On appeal, Brumley argued that the district court had failed to analyze how the 144 months would further the objectives of § 3553(a) more than the lower sentence he proposed, and had failed to explain its rationale for the imposition of the 144 months. United States v. Brumley, No. 05-6747 (slip op. 5) (6th Cir. Jan. 9, 2007) (unpublished). Writing for Judges Moore and Clay, District Judge Bell notes the presumption accorded to sentences within the Guidelines range. Id. at 3. Brumley's sentence, of course, was actually just below the Guidelines range. "However, because it was below the guideline range, and because we are considering a challenge to the sentence by Brumley rather than by the government, his sentence is entitled to the presumption of reasonableness." One searches in vain for the legal support for this newly-crafted proposition. There is none. One searches, also in vain, for the dissent from Judge Moore, who originally refused in U.S. v. Webb to find a within-range sentence to be per se reasonable.

One continues this same Grail quest for some sign of objection from Judge Clay, who once wrote, "While the Williams Court erred in the first instance by holding that a sentence within the Guidelines range is presumptively reasonable on appeal, the majority has now alarmingly compounded that error by holding that district courts may consider a sentence within the Guidelines range to be presumptively reasonable. ... Nothing in the text of the § 3553(a) elevates the now-advisory Guidelines sentence above other factors or permits the district court to 'presume' that the advisory sentence would be reasonable for an individual defendant." United States v.
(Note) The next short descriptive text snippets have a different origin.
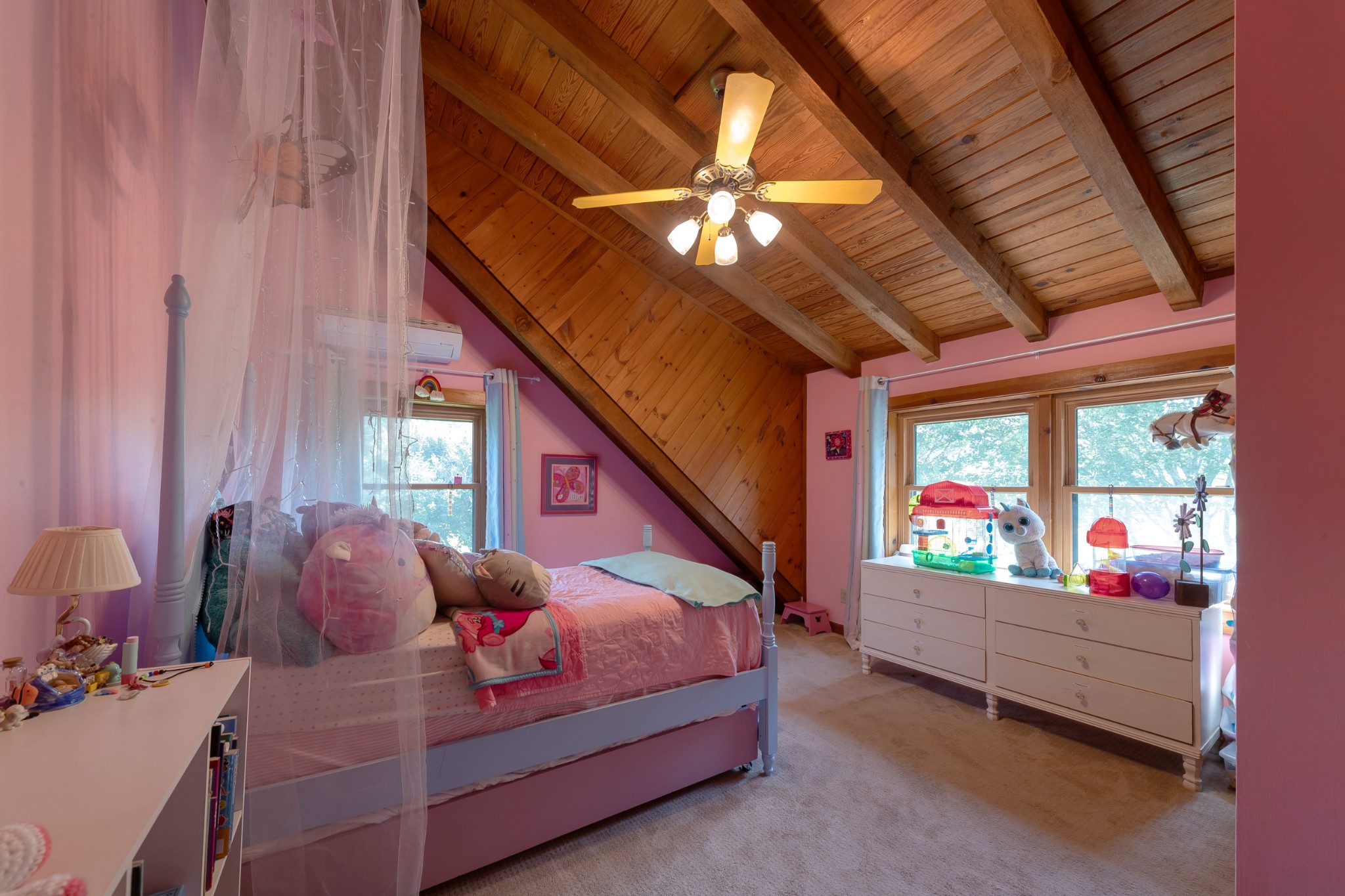 3264 Foster Chapel Road Columbia, TN 38401 - Photo 15 of 36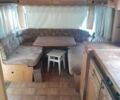 Жовтий Таберт Комтессе, об'ємом двигуна 0 л та пробігом 10 тис. км за 4500 $, фото 5 на Automoto.ua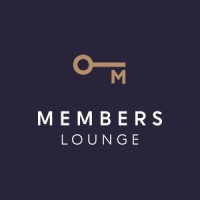 𝐌𝐞𝐦𝐛𝐞𝐫𝐬𝐥𝐨𝐮𝐧𝐠𝐞 𝐆𝐦𝐛𝐇 Logo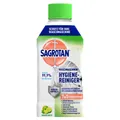 Sagrotan Waschmaschinen Hygiene-Reiniger Limette Hygene Reiniger DE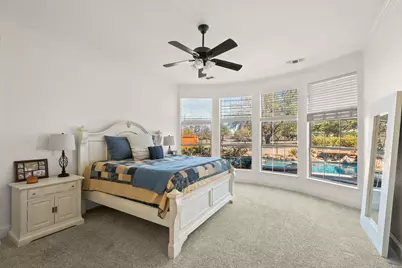 7908 Castine Drive, McKinney, TX 75071 - Photo 25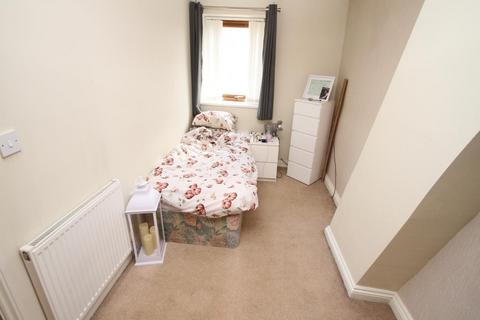 161 Moorside Road, Bradford, BD2 3HD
Cage, 458 F.3d 537 (6th Cir. 2006) (Clay, J., dissenting). In a footnote in Cage, Judge Clay noted, "I also question whether the rebuttable presumption language in Williams should be considered to be binding on this Court given the fact that the Webb Court had already stated that it declined to hold that a sentence within the Guidelines range is per se reasonable." Id. at n2.

What happened to the objections of these two reasoned jurists to the march back to mandatory Guidelines that they saw as contrary to the Supreme Court's holding in Booker? Have they changed their positions? Have they been overwhelmed by the press of sentencing appeals? That is not clear. The only thing that is clear is that they go along with Judge Bell's expansion of the presumption of reasonableness where, apparently, no one has gone before. But I digress ...

What of Jimmy Gene's arguments against the reasonableness of his sentence? Addressing the district court's alleged failure to explain the sentence it chose, Judge Bell writes, "A defendant's 'mere allegation that the sentence imposed is greater than necessary to achieve the goals of punishment outlined in § 3553(a) is insufficient to rebut the presumption of reasonableness,' and the fact that the district court did not give a defendant the more lenient sentence he requested does not jusitfy setting his sentence aside." Citing U.S. v. Dexta, 2006 WL 3589790 (6th Cir. 2006). This, of course, does not answer the question of whether the district court complied with the procedural requirement that it explain its sentence. Judge Bell finds that because the district court addressed the § 3553(a) factors the sentence was both procedurally and substantively reasonable.

No one ever explains why a twelve-fold sentence for a drug addict, that will cost the taxpayers around $300,000, is "sufficient, but not greater than necessary" to accomplish the aims of sentencing as opposed to the lower sentence requested. Given the acknowledgement by the Sentencing Commission itself in its Fifteen Year report that the career offender provisions are a poor measure of recidivism, the blind faith adherence to the Guidelines (and worse, given the expansion of the presumption) shown by both the district court and the Court of Appeals in this case raises questions about the continued vitality of Booker.